I'm sure we've all heard this argument by theists employing the fine-tuning argument. Are you aware, however, of exactly how much this "little bit" really is? Theists would have us think that the slightest change in the distance would have drastic implications for survivability. But that is actually not the case.
We are probably all familiar with the factoid that the Earth is 93 million miles from the Sun. But this is not a fixed distance, but an average distance. The Earth's orbit around the Sun is not perfectly circular but elliptical. Earth's distance from the Sun varies depending on the time of the year. When the Earth is closest to the Sun in early January (at its Perihelion) it is 91.4 million miles away from it. When the Earth is furthest from the Sun in early July (at its Aphelion) it is 94.5 million miles away from it. So during the course of a year, the Earth's distance from the Sun varies by over 3 million miles!
To put that 3 million miles into perspective, the Moon is a little over 238,000 miles away. Now imagine travelling more than 12 times the distance to the Moon. That great distance is the extent to which Earth's distance from the Sun varies - with minimal affects to the temperature on Earth. Mile for mile, the Earth's tilt actually has greater effect on temperature variation than the planet's distance from the Sun. And we can even go into the very important role that Earth's rotation and atmosphere plays in maintaining habitable temperatures.
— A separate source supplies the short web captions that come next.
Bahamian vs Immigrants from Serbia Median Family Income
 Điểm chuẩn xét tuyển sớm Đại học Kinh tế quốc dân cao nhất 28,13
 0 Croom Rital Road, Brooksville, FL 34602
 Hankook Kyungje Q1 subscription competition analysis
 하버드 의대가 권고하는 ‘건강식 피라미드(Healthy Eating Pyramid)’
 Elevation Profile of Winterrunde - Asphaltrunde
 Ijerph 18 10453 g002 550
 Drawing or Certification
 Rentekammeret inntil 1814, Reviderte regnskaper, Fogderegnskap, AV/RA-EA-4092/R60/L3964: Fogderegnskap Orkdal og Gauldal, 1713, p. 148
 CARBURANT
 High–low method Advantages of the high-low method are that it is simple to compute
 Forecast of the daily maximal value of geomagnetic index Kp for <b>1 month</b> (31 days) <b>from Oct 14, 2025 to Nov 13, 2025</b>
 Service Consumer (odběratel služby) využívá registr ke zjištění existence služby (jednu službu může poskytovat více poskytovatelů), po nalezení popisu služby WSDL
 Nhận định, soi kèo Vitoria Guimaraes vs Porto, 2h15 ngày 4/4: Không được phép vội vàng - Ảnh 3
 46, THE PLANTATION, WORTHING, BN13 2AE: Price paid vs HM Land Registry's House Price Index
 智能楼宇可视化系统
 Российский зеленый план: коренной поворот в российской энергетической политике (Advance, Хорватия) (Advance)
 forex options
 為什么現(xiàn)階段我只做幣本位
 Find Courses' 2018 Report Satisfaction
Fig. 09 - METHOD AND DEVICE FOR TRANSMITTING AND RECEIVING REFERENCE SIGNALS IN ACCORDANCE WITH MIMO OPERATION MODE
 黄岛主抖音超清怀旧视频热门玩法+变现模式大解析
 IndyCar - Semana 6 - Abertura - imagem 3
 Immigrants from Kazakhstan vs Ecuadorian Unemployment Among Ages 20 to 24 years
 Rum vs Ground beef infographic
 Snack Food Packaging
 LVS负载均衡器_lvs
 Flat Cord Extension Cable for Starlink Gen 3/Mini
Of course, the Earth's distance from the Sun is important. My point is that the notion that this distance is perfectly fine tuned and the slightest change would have dire consequences, is simply not true. There would have to be significant change in distance to make life on Earth impossible. The 3 million mile variance does not even represent the full extent of Earth's habitable zone. I'm willing to bet that if the distance were varied by as much as 6 million miles, life on Earth would still be possible although the temperatures would be less comfortable.